- **Work to be completed**: Word for word, transcribe the lines below and drop the pictures.

- **Entries shown**:
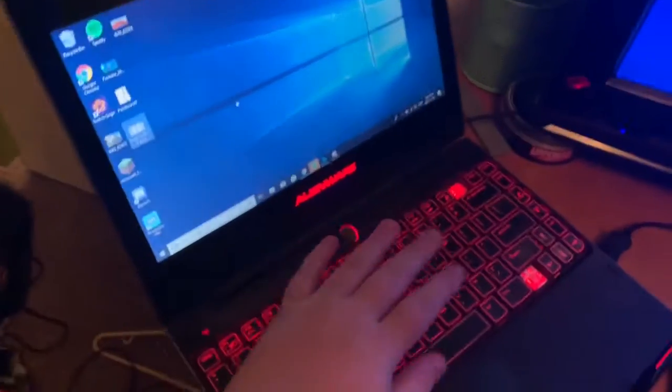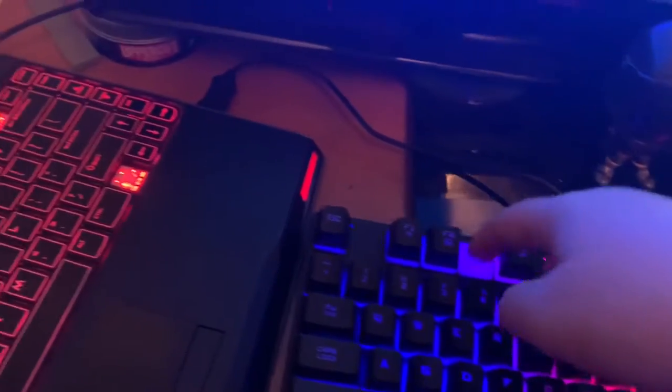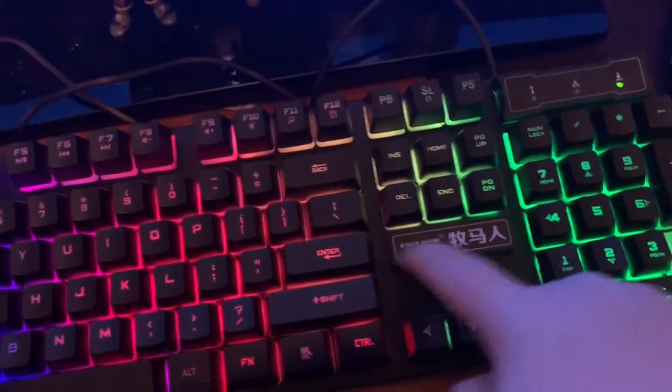Starting off with my laptop — this is what I read your comments on when it wants to work. It's an Alienware, I don't know the model, but it's small and there's two keys missing on it. Here's my keyboard, also missing a key — seems to be a theme. I connect my keyboard to my laptop. It says E1, I don't know what that is, it's like a Chinese brand with a Thrasher sticker.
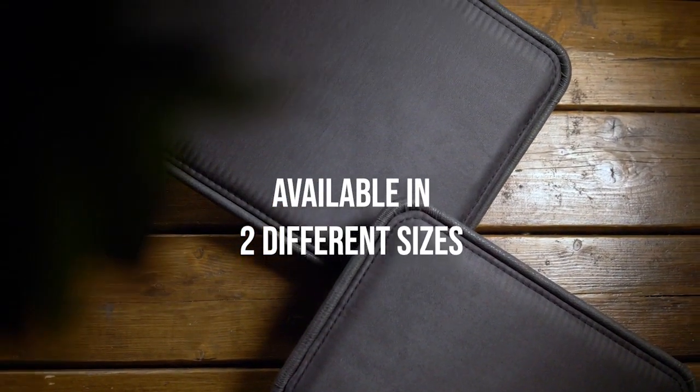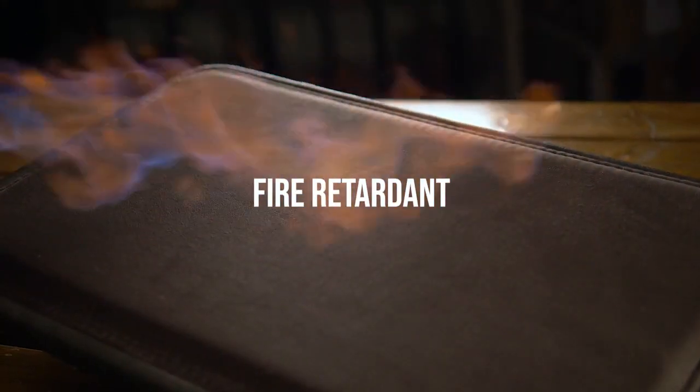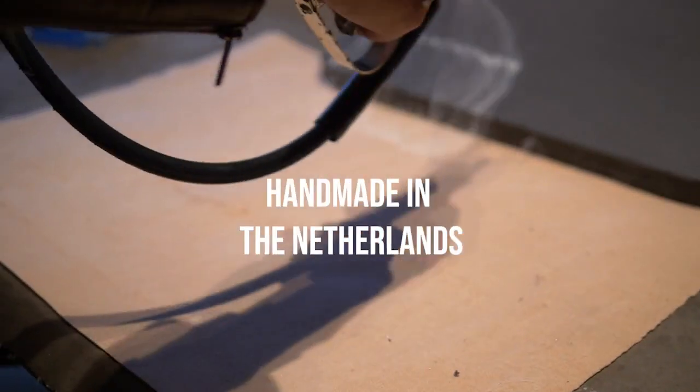Just like all our Closer Pads, they are completely water resistant, fire retardant, and handmade in the Netherlands.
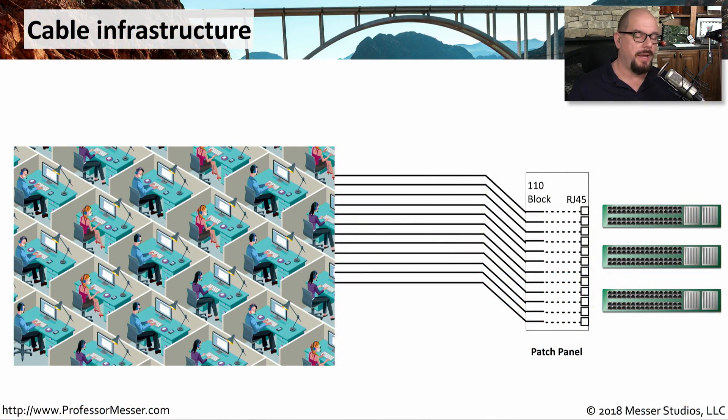In most modern work environments, we have a lot of people sitting at a desk. These might be in cubes or they might be in traditional offices. But prior to anyone coming and sitting down, all of the wires were run from their desk over the walls or under the floor into the room that contains all of the networking equipment.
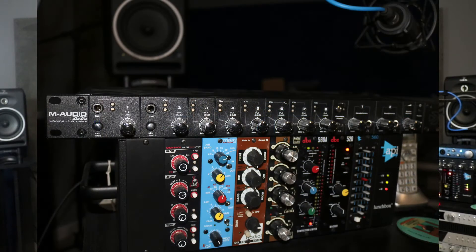So this is the MXL V63M. It's a large diaphragm condenser microphone. It's the oldest microphone that I have, therefore it's good for giving me that old school sound. The same with my interface — I have a M-Audio Profire 2626. It's the oldest interface I have. It's been discontinued by M-Audio, which makes it vintage, and it's great for getting that vintage sound.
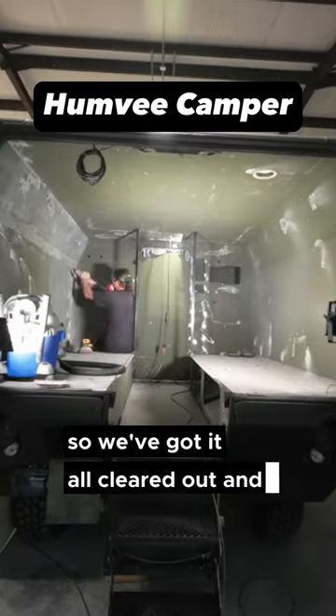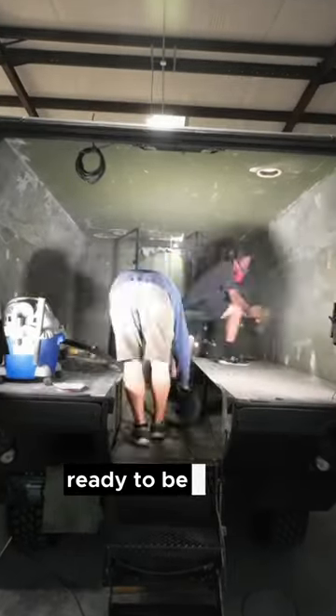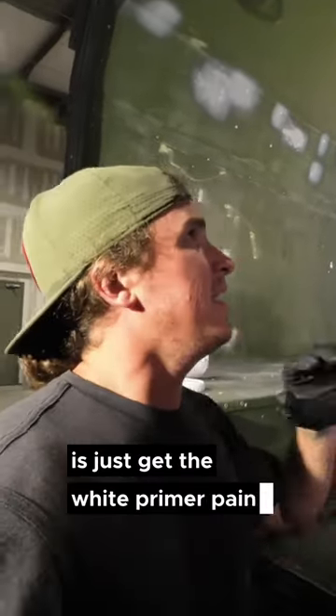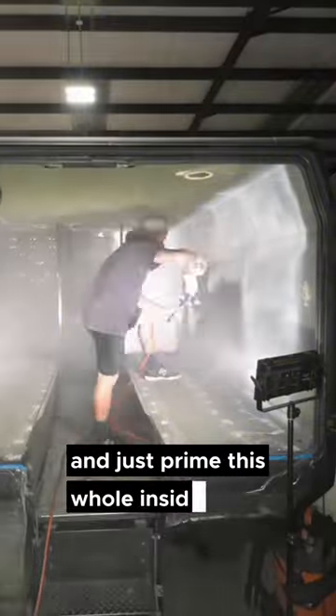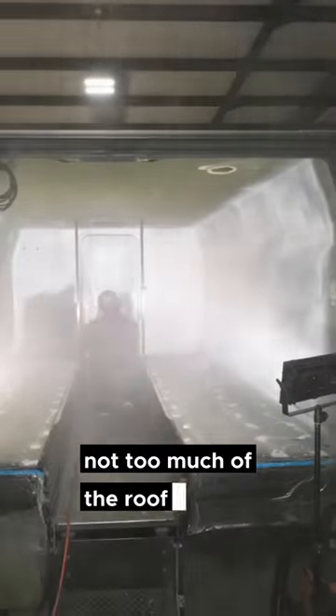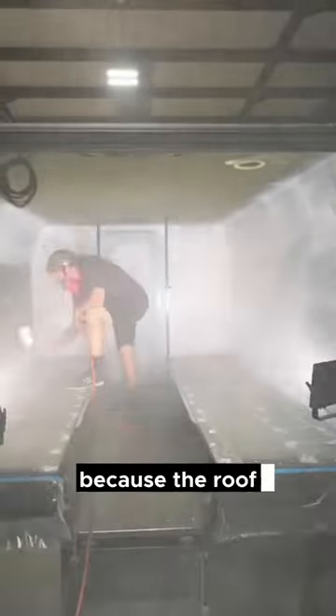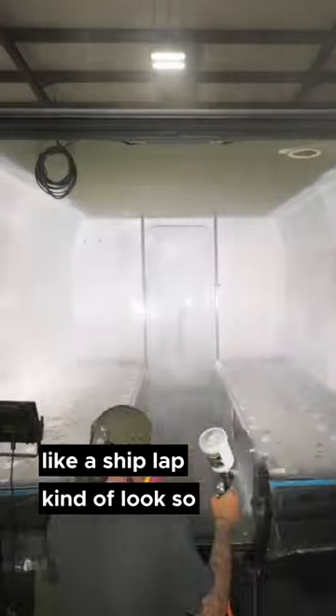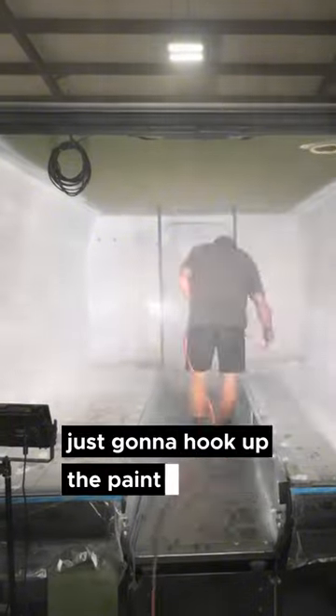We've got it all cleared out and sanded, ready to be primed. We're going to get the white primer paint and prime the whole inside — not too much of the roof — because the roof we're going to do more of a shiplap kind of look. Anyway, just going to hook up the paint gun and start painting.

- **Written answer**:
Starting off with my laptop — this is what I read your comments on when it wants to work. It's an Alienware, I don't know the model, but it's small and there's two keys missing on it. Here's my keyboard, also missing a key — seems to be a theme. I connect my keyboard to my laptop. It says E1, I don't know what that is, it's like a Chinese brand with a Thrasher sticker.
Just like all our Closer Pads, they are completely water resistant, fire retardant, and handmade in the Netherlands.
In most modern work environments, we have a lot of people sitting at a desk. These might be in cubes or they might be in traditional offices. But prior to anyone coming and sitting down, all of the wires were run from their desk over the walls or under the floor into the room that contains all of the networking equipment.
So this is the MXL V63M. It's a large diaphragm condenser microphone. It's the oldest microphone that I have, therefore it's good for giving me that old school sound. The same with my interface — I have a M-Audio Profire 2626. It's the oldest interface I have. It's been discontinued by M-Audio, which makes it vintage, and it's great for getting that vintage sound.
We've got it all cleared out and sanded, ready to be primed. We're going to get the white primer paint and prime the whole inside — not too much of the roof — because the roof we're going to do more of a shiplap kind of look. Anyway, just going to hook up the paint gun and start painting.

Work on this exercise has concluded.